Note the two comments demarcating the locations of the required and optional fields. Note also that the required fields are filled with the dummy value “ENTER_VALUE_HERE” that must be manually edited by the user. The optional fields are filled with default values that may also need to be further edited depending on the data being used.

Just like interactive generation, non-interactive generation is supported by all 6 tools: rsmtool, rsmeval, rsmexplain, rsmcompare, rsmpredict, rsmsummarize, and rsmxval.

Similarly, to include subgroup information in the reports for rsmtool, rsmeval, and rsmcompare, just add --subgroups (or -g) to the command. Note that unlike in interactive mode, this would only add subgroup-based sections to the general_sections list in the output file. You will need to manually edit the subgroups option in the configuration file to enter the subgroup column names.

Generation API

Interactive generation is only meant for end users and can only be used via the 6 command-line tools rsmtool, rsmeval, rsmexplain, rsmcompare, rsmpredict, rsmsummarize, and rsmxval. It cannot be used via the RSMTool API.

However, the non-interactive generation can be used via the API which can be useful for more advanced RSMTool users. To illustrate, here’s some example Python code to generate a configuration for rsmtool in the form of a dictionary:

# import the ConfigurationGenerator class
from rsmtool.utils.commandline import ConfigurationGenerator

# instantiate it with the options as needed
#   we want a dictionary, not a string
#   we do not want to see any warnings
#   we want to include subgroup-based sections in the report
generator = ConfigurationGenerator('rsmtool',
                                   as_string=False,
                                   suppress_warnings=True,
                                   use_subgroups=True)
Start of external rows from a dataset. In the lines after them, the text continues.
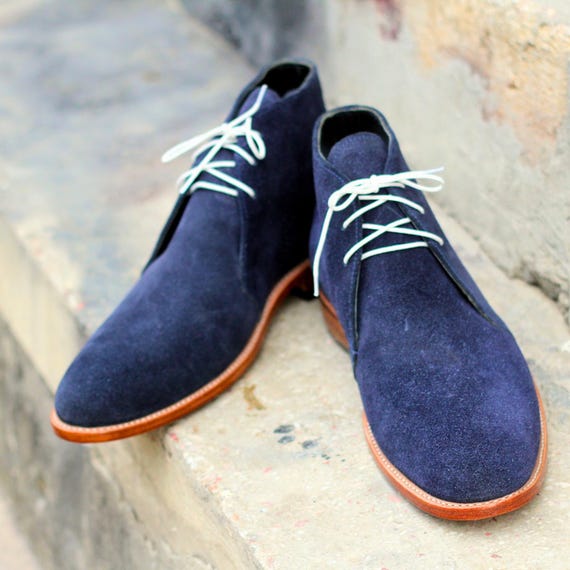 Men\'s Light Blue Suede Chukka Boots with Tan Laces Men main image 4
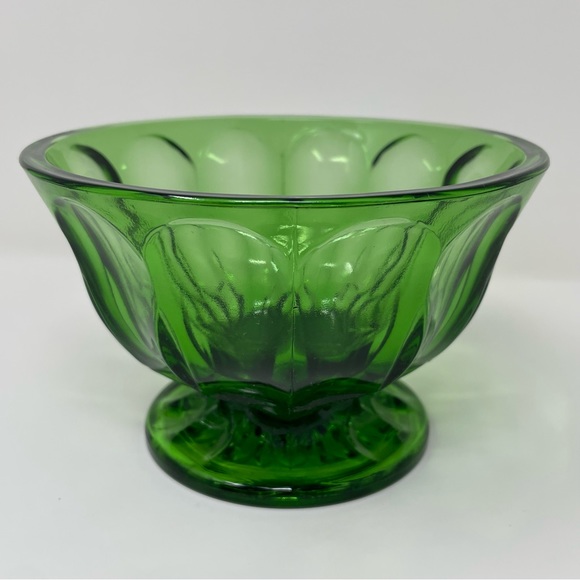 Vintage Candy Dish Bowl Pedestal Collectible Anchor Hocking Forest Emerald Green - Picture 6 of 12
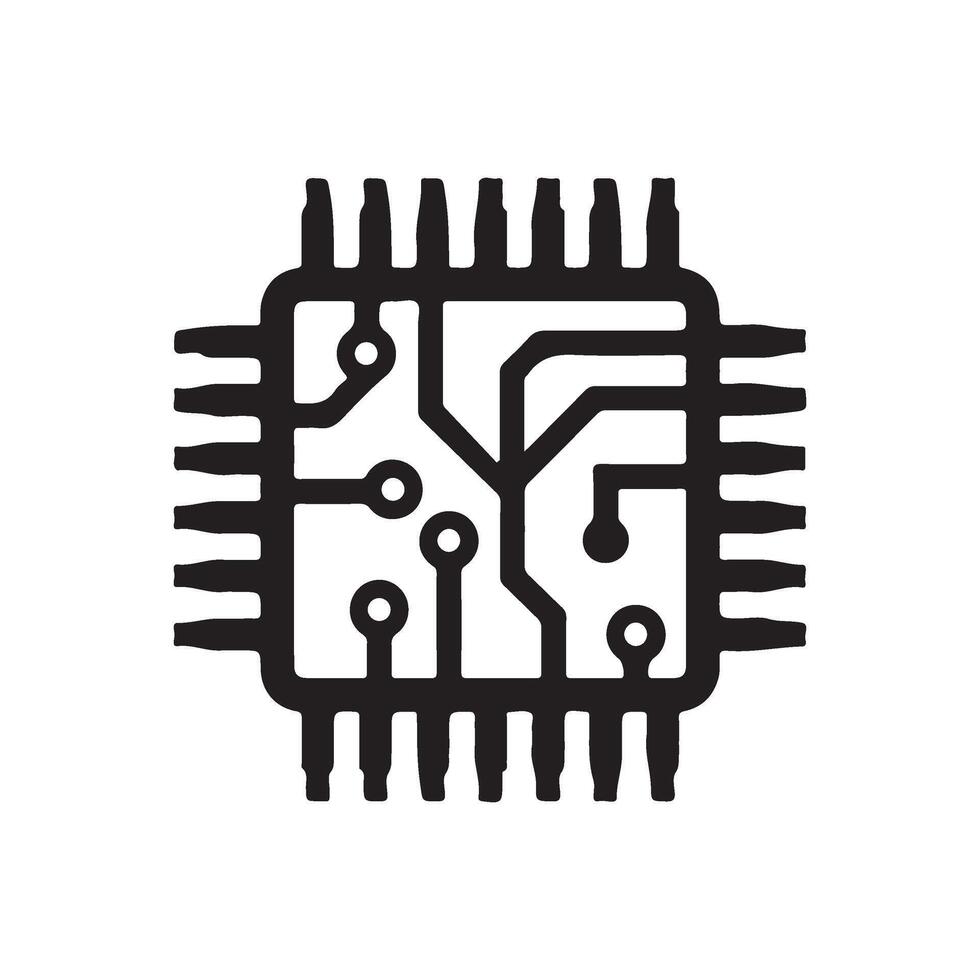 Illustration of a microchip, representing technology vector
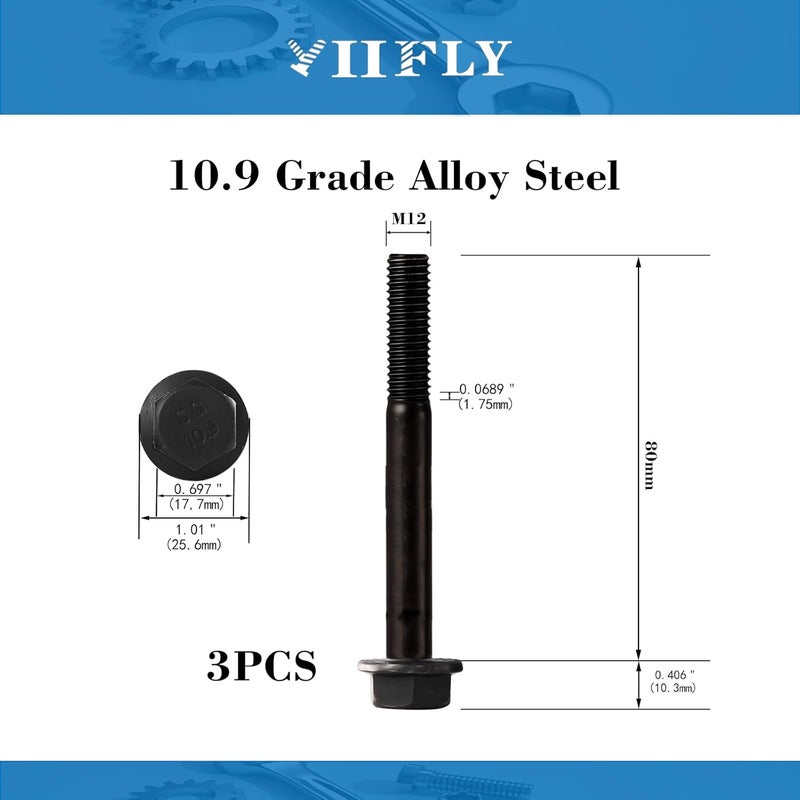YIIFLY M12 x 80mm Flanged Hex Head Bolts Flange Hexagon Screws, M12x1.75 Bolt, 10.9 Grade Alloy Steel, Hexagon Head Bolts, Black Zinc Finish, Half Thread, Quantity 3 - Image 3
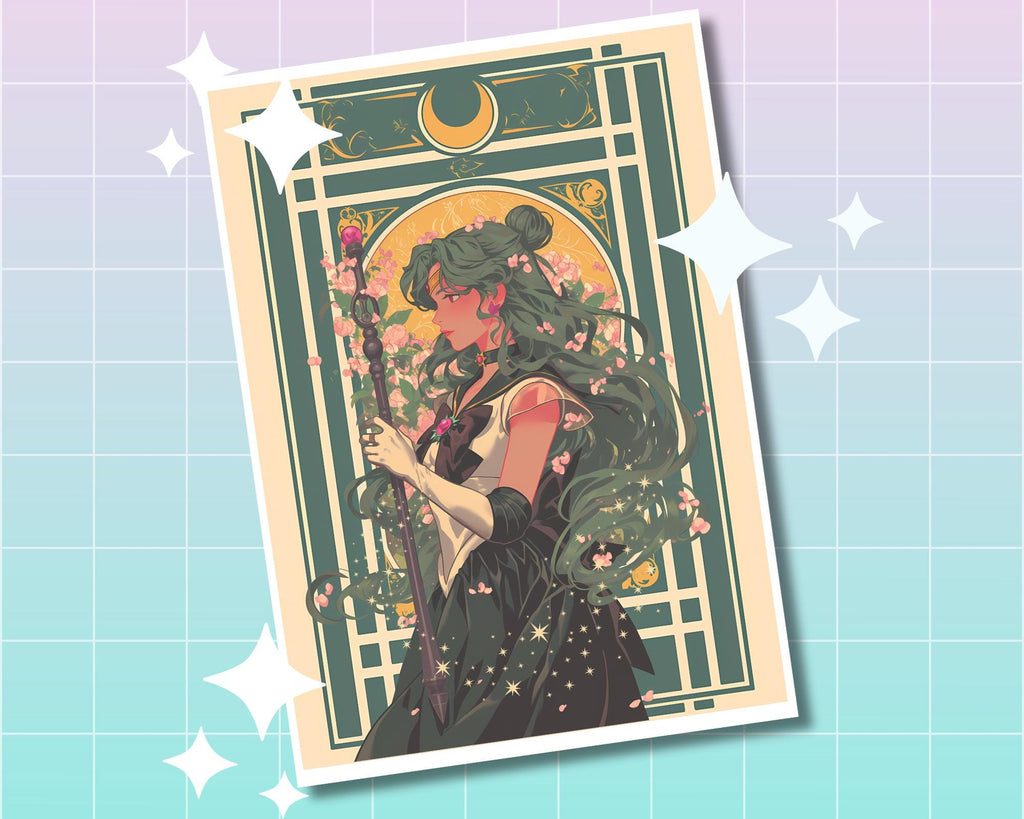 Sailor Pluto Print,Art Deco,Sailor Pluto in style of Alphonse Mucha,Sailor Pluto art,Sailor Moon art,A5 postcard print,beautiful anime print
# generate the configuration dictionary
configdict = generator.generate()

# remember we still need to replace the dummy values
# for the required fields
configdict["experiment_id"] = "test_experiment"
configdict["model"] = "LinearRegression"
configdict["train_file"] = "train.csv"
configdict["test_file"] = "test.csv"

# and don't forget about adding the subgroups
configdict["subgroups"] = ["GROUP1", "GROUP2"]

# make other changes to optional fields based on your data
...

# now we can use this dictionary to run an rsmtool experiment via the API
from rsmtool import run_experiment
run_experiment(configdict, "/tmp/output")

For more details, refer to the API documentation for the ConfigurationGenerator class.